Yuletide Kitsch
Maybe it’s nobler to give than to receive, but, let’s face it, buying presents is an ordeal. For me, it always has been. Even as a tiny child, I felt tortured by gift-buying anxiety at holiday time. I’d stand in the drugstore, $2.47 clutched in my sweaty hand, wracked by spasms of ambivalence over what to get my mother. The Teflon-treated spatula was clearly the practical choice, and such a bargain at $1.09. But who could resist the mauve ceramic cup, the one covered in pink roses and insistent black letters, which would assure my mother, with each serving of coffee, that she was, indeed, a #1 MOM!
Time hasn’t lessened my anxiety. At this time of year, I still circle the shops like a tortured animal, agonizing over what to entrap and drag home for the family.

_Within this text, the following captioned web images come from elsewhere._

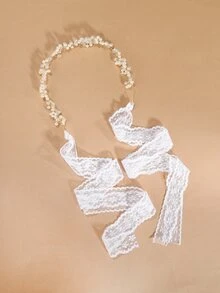 Băng đô trang trí tóc giả ngọc trai cho bé gái - trắng - Xem 2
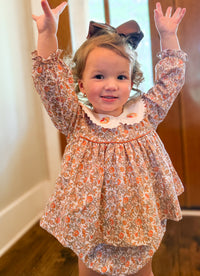 PRE ORDER Girls Hand Embroidered Classic Turkey Bloomer Set & Dress | ETA to LBS: SEPTEMBER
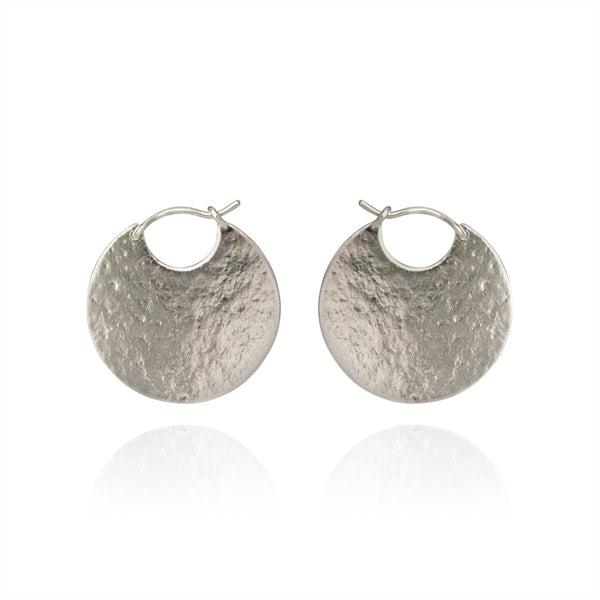 Large Disc hoop earrings in Sterling Silver by contemporary jeweller Cara Tonkin
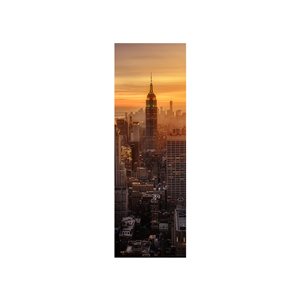 Dundee Deco Falkirk Airdrie 35-in x 106-in Orange and Grey "Empire State Building" Unpasted Wall Mural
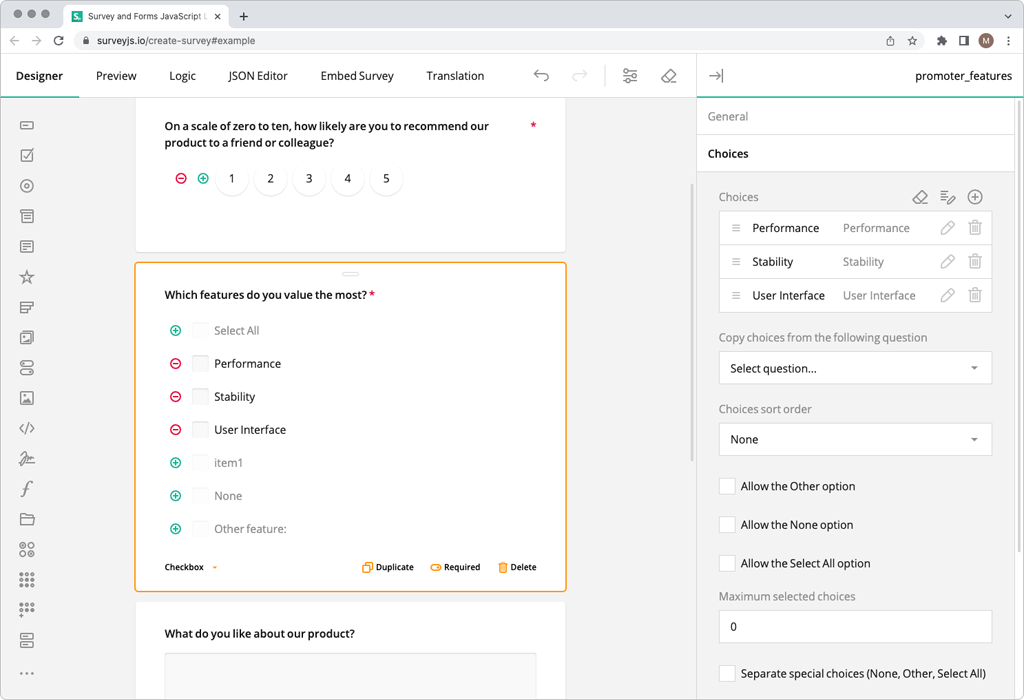 Survey Creator / Form Builder by SurveyJS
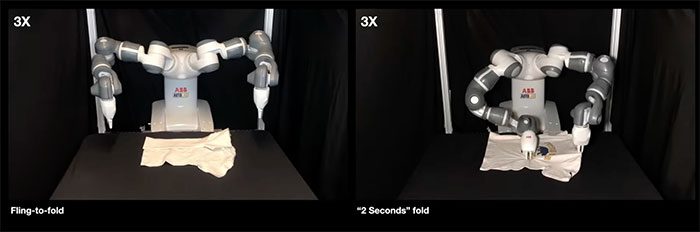 Robot SpeedFolding can fold 30-40 pieces of clothing per hour.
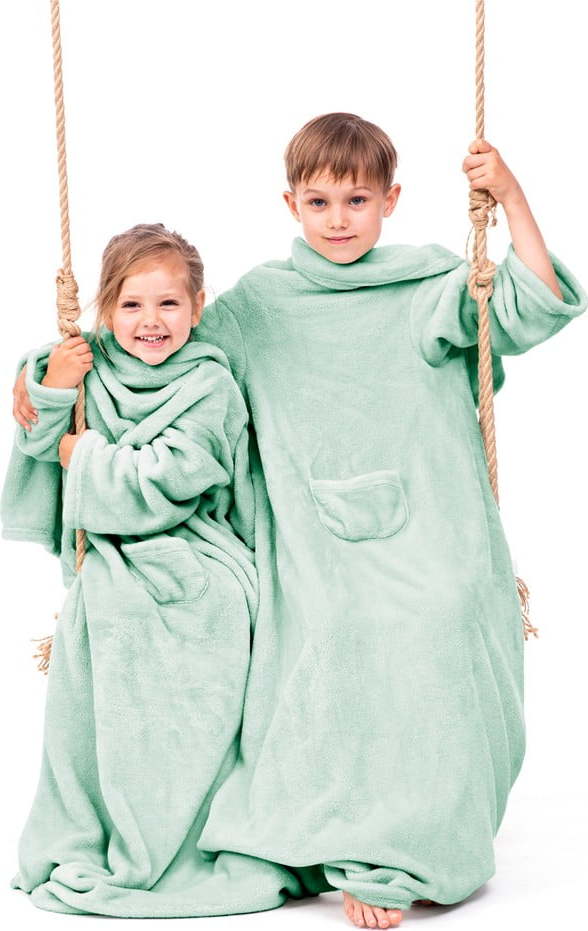 Zelená dětská televizní deka s rukávy DecoKing Lazykids DecoKing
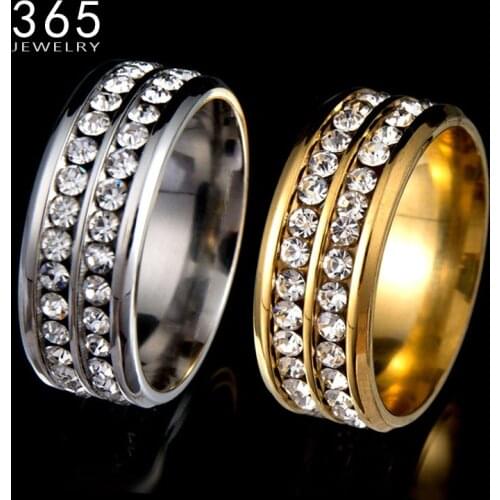 Hot Stone Jewelry Stainless Steel Double Rows Crystal Finger Mid Rings Titanium Rose Gold Rhinestone Wedding Rings for Women Men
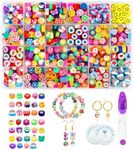 Meschett 480Pcs Fruit Flower Polymer Clay Beads,24 Styles Cute Heart Letter Clay Beads Charms for Jewelry Necklace Earring Making, DIY Bracelet Making Kit Accessories for Women Girls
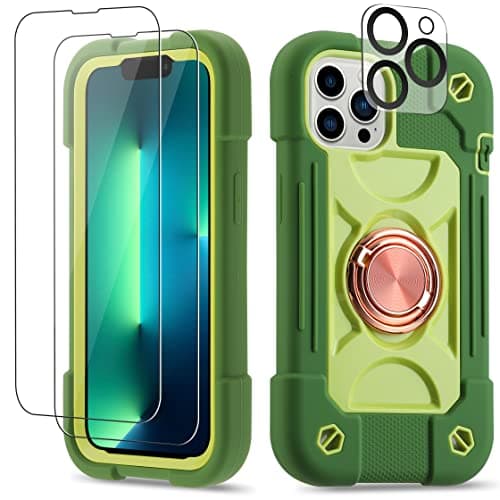 Cookiver for iPhone 13 Pro Max Case 6.7 Inch with Ring Stand, with 2 Pack Glass Screen Protector + 1 Pack Camera Lens Protector,Heavy-Duty Shockproof Cover for iPhone 13 Pro Max (Avocado) - Image 1
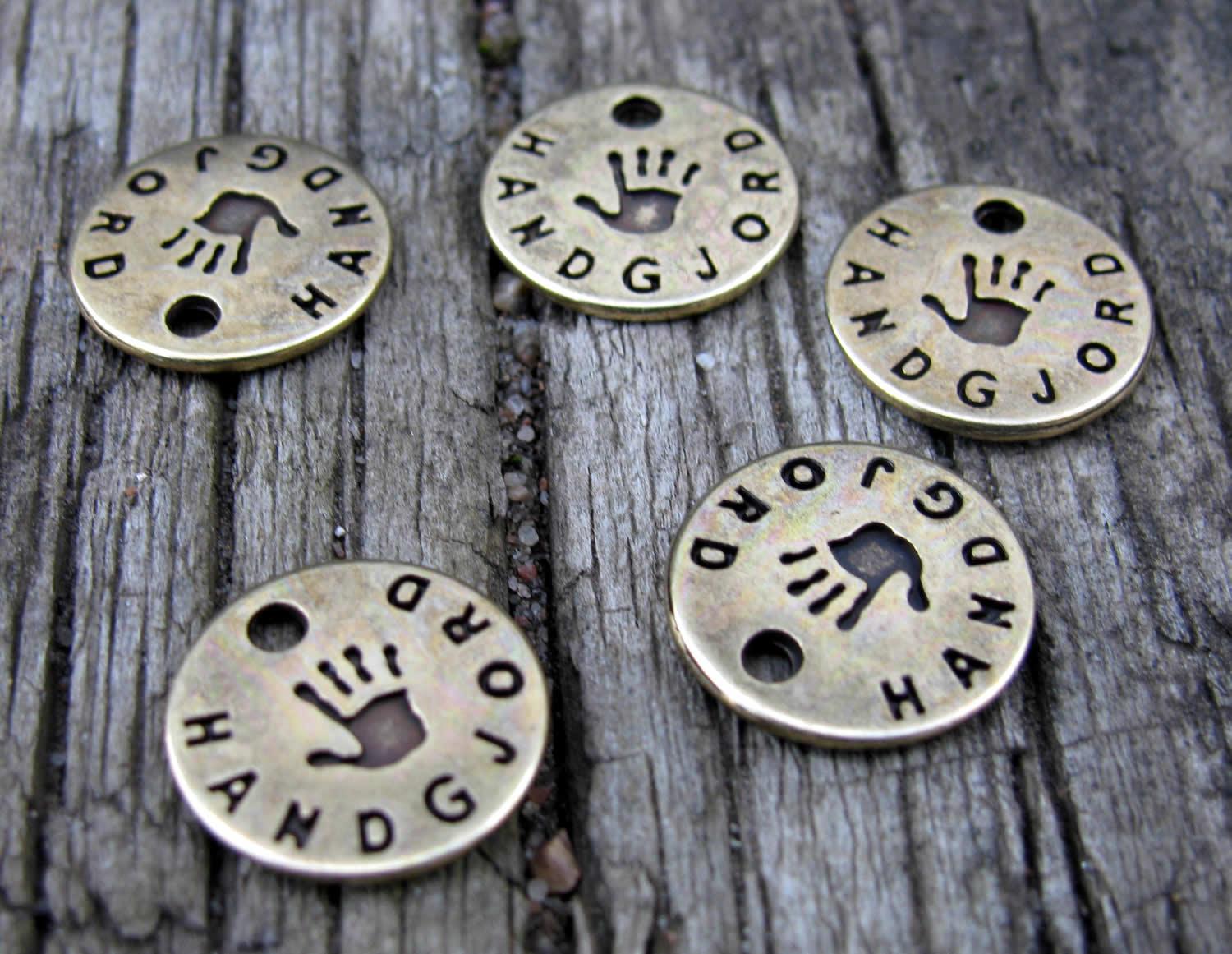 Berlock Bronsfärgad - Rund Handgjord 13mm, 5-pack Grekisk Metall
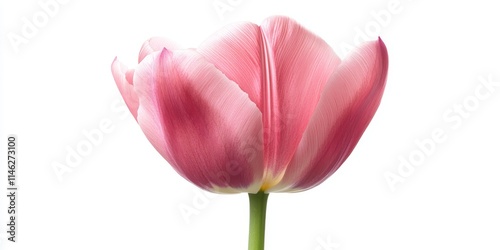 Isolated pink tulip displayed on a white background, featuring a detailed clipping path to highlight the pink tulip s vibrant color and delicate petals for artistic purposes. photo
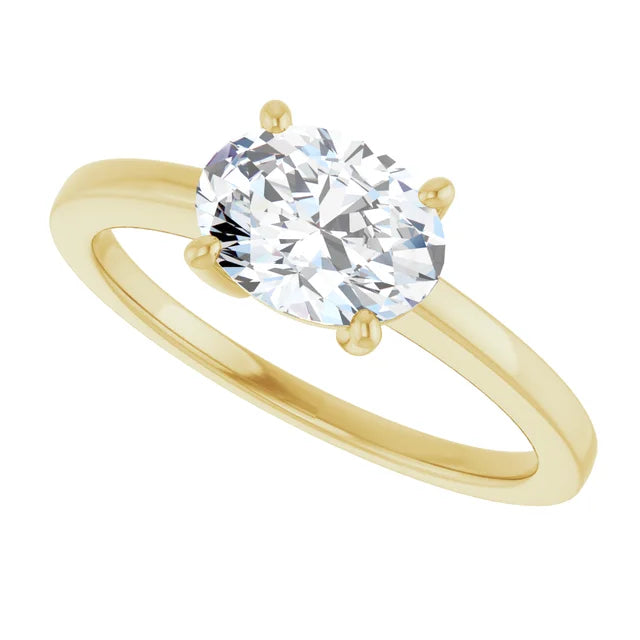 Sideway Picture for 1 CT East west Oval Shape Diamond Engagement Ring set in Yellow Gold
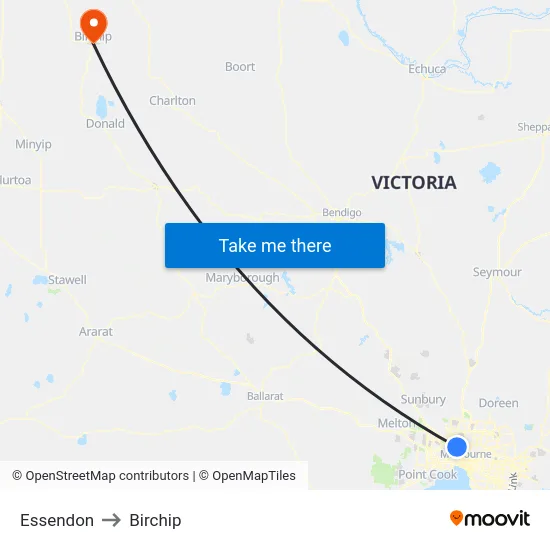 Essendon to Birchip map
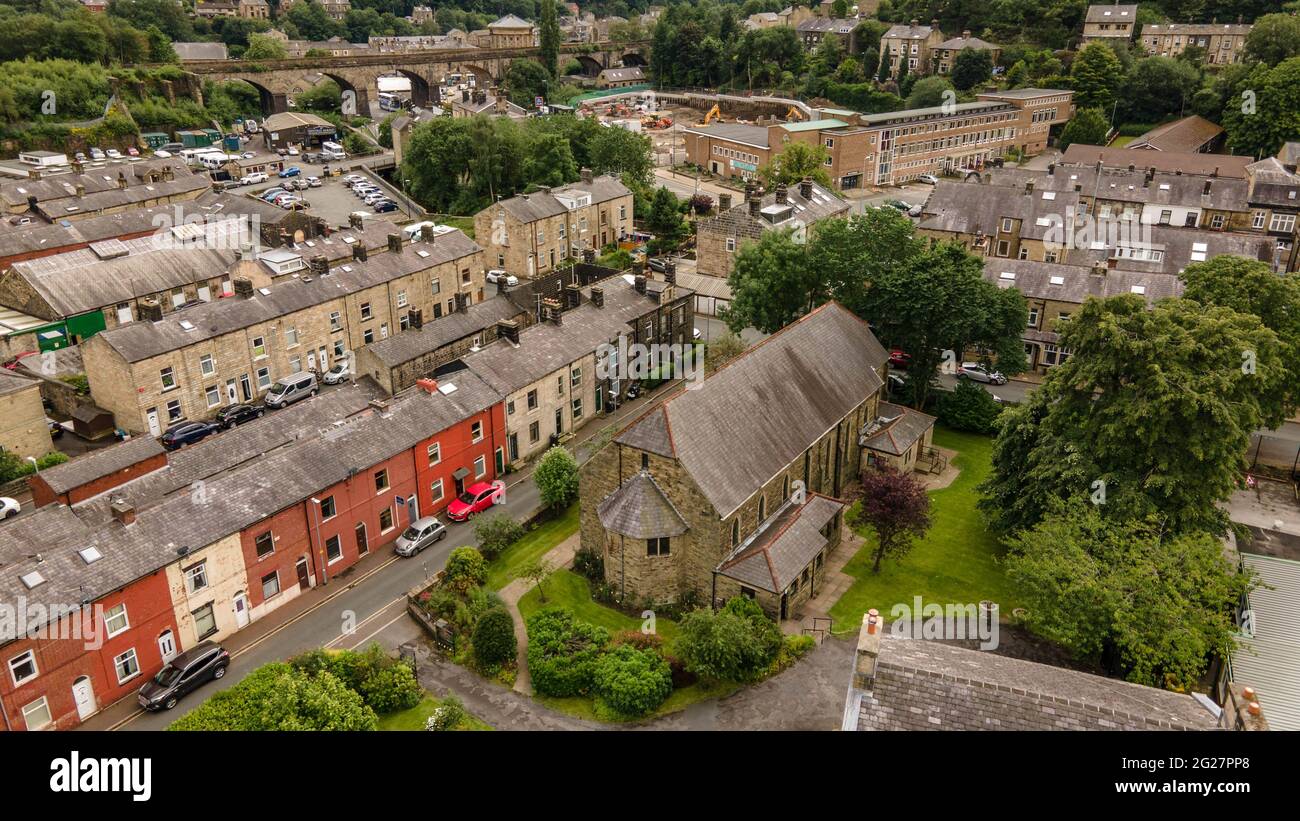 Todmorden West Yorkshire Lancashire Boarder Town Fotoset Mit Viaduct Collage Cricket Club Central Park Canal New Aldi Site Zügen Stockfoto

For all the doubt and misery that goes into shopping for loved ones, there is a single category of giving at which I excel. It turns out I’m an expert in choosing goofy gifts. You know the ones, those revolting, dopey, but sort of clever items you bring to office parties and joke-gift exchanges?
While I’ll admit this isn’t a skill up there with advanced biomedical or thermonuclear research, I do take pride in being one of the best in this rather rarefied field. While nearly anyone can find a bad or just plain ugly gift, it takes a certain talent to find one that has the right balance of kitsch, humor and genuine usefulness. The best gift is the one that half the guests would kill to have, while the other half would pay to get rid of it.
Take, for instance, pink plastic flamingos, which will divide any group along aesthetic as well as generational lines. Tasteful boomers will recoil at the sight of the things, while teens and Gen-Xers will form a mosh pit and fight over them.
Then there is glow-in-the-dark Space Mucous, which my friend and colleague Doug, another expert in kitschy gifts, assures me is appropriate for any and all occasions.
My finest hour came the year my husband and I brought a footstool to the house of our friends, Cathy and Roy. Their annual Christmas bash and white-elephant exchange is always a raucous and irreverent affair--bad and competitive behavior being fueled, as it can be, by highly seasoned food and too much wine. Even in such an atmosphere, the contest over a giant, ugly, white plaster-of-Paris foot tucked below a dainty, red, plush seat triggered a cause celebre that continues to this day. I don’t believe that Wanda will ever really forgive Alexi for beating her out of that stool.
Thanks to the many public relations firms, publishing houses and specialty businesses in America, all bombarding journalists with promotional items during the holiday season, I have a rich cache of goods for today’s Christmas fete. Vermont maple leaf mulch, from a company in Pacific Palisades, should be well received, especially by the gardeners in the group.
But the real winner, I’m sure, will be the hand weights with built-in pepper spray canisters, a gift any fitness- and survival-oriented urbanite would covet.
And this year, I’m going to see to it that Wanda gets these.